What is needed>
Repeat the listing below in full and exactly, but without its pictures.

━━ Given data ━━

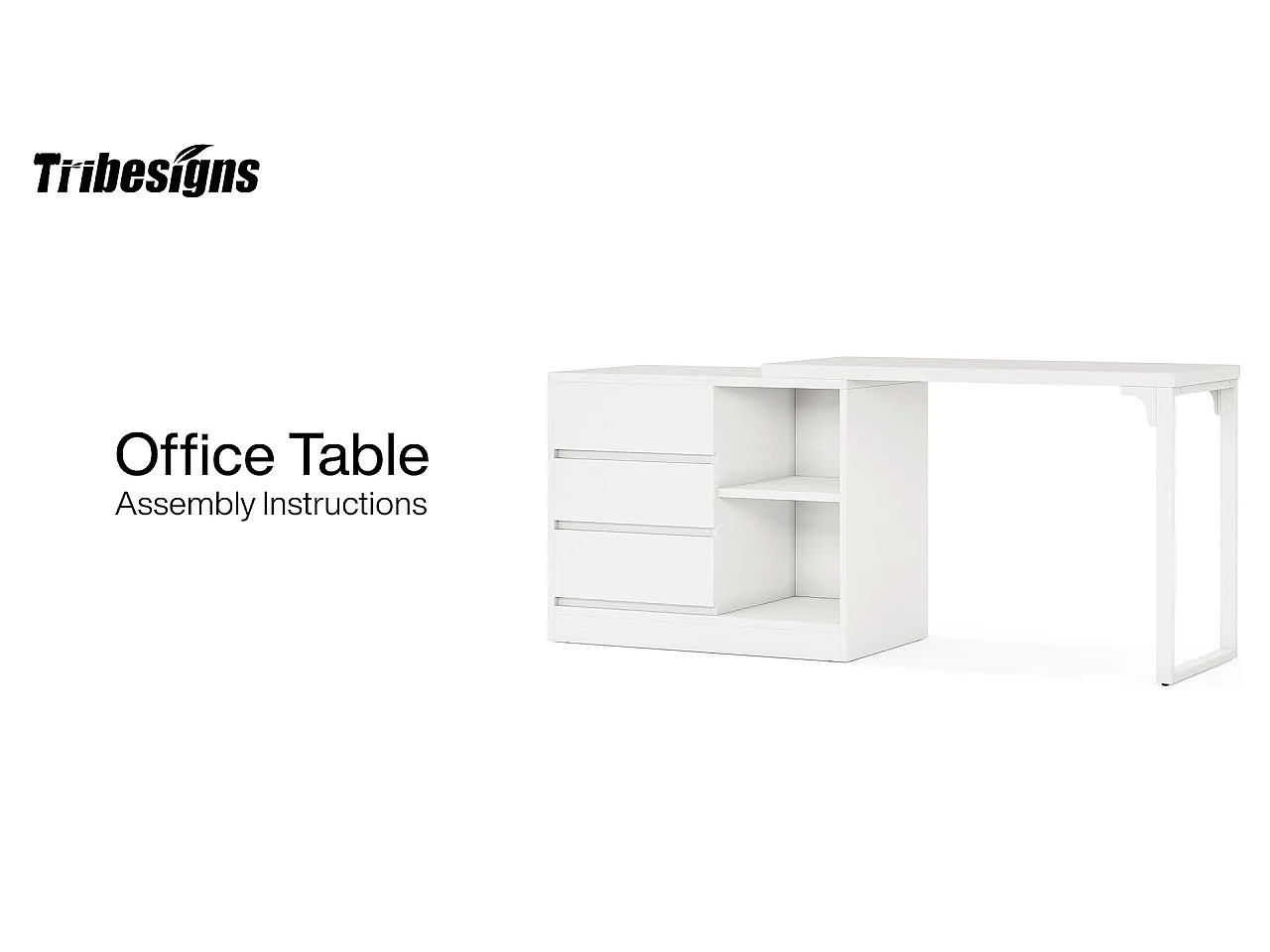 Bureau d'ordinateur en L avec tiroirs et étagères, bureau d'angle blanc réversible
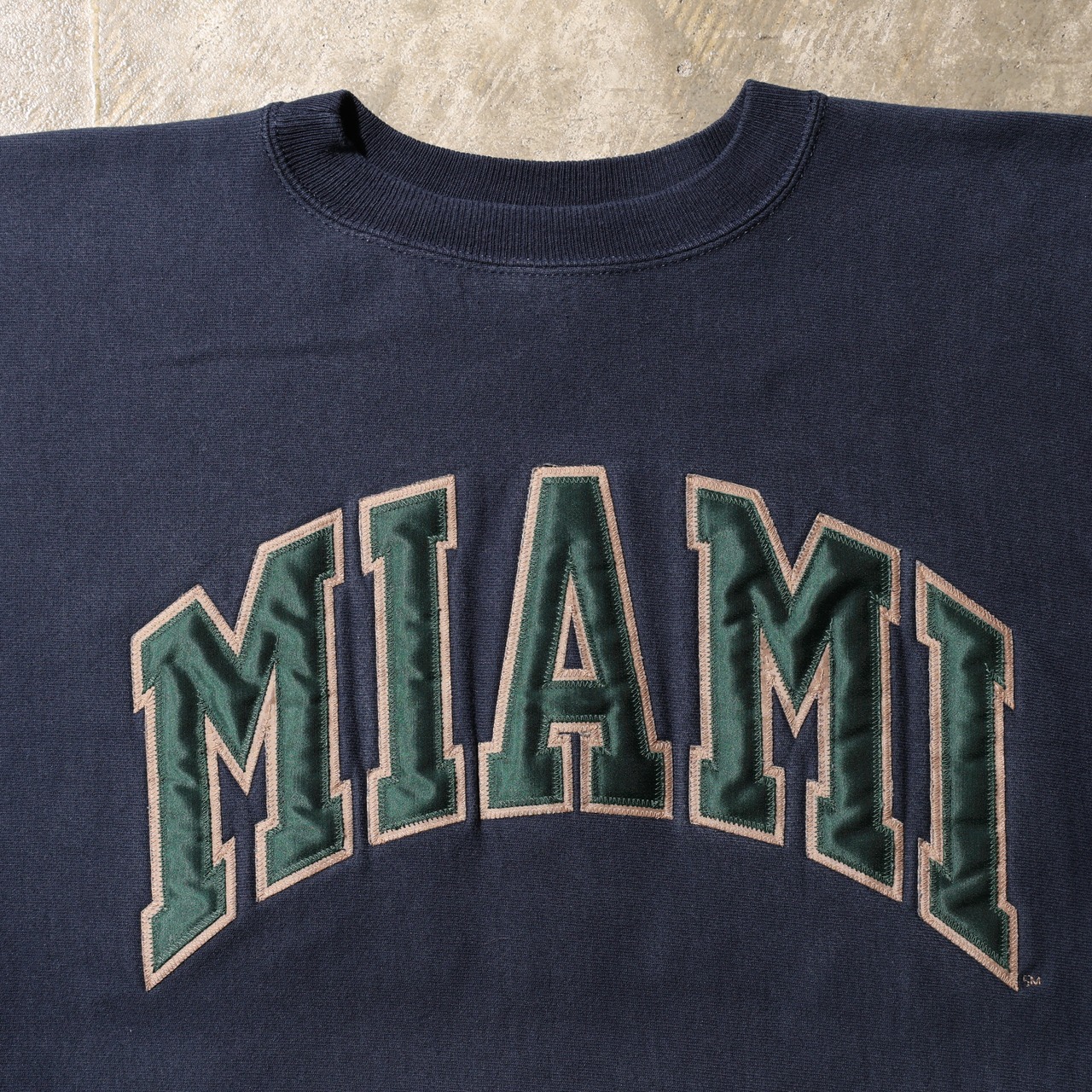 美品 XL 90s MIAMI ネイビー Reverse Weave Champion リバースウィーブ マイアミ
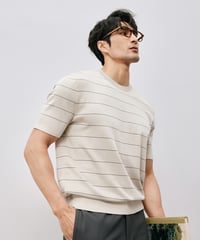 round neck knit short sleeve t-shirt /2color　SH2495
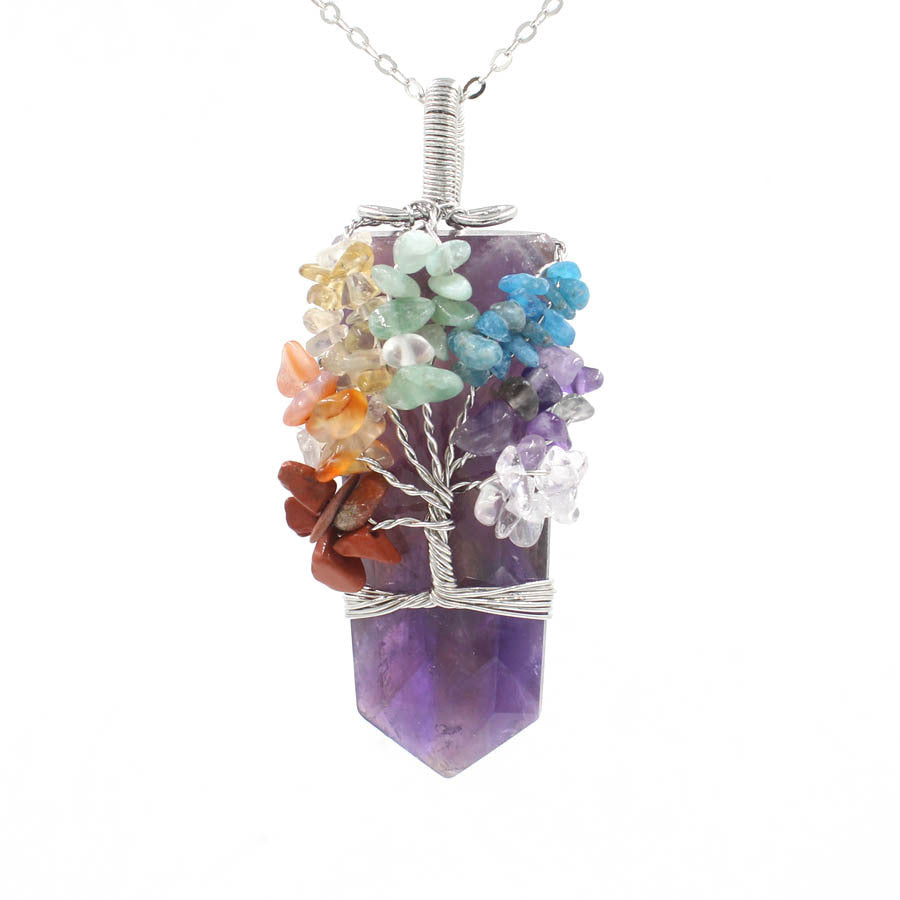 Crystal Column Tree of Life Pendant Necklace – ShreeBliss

━━━

Task answer>
 Bureau d'ordinateur en L avec tiroirs et étagères, bureau d'angle blanc réversible
 美品 XL 90s MIAMI ネイビー Reverse Weave Champion リバースウィーブ マイアミ
 round neck knit short sleeve t-shirt /2color　SH2495
 Crystal Column Tree of Life Pendant Necklace – ShreeBliss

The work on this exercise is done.